*Task to complete:*
Nothing but the text belongs in the answer: the listing below, copied exactly, without pictures.

*Dataset section:*
┌────────

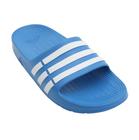 Dečije papuče Adidas DURAMO SLIDE K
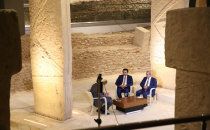 Demirkol, Tanıtım Çalışmalarına Destek Veren Kişi, Kurum Ve Kuruluşlara Teşekkür Etti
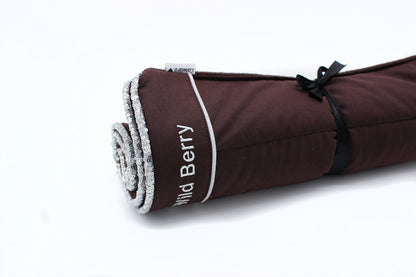 Bandagierunterlagen Luxury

└────────

*Exercise solution:*
 Dečije papuče Adidas DURAMO SLIDE K
 Demirkol, Tanıtım Çalışmalarına Destek Veren Kişi, Kurum Ve Kuruluşlara Teşekkür Etti
 Bandagierunterlagen Luxury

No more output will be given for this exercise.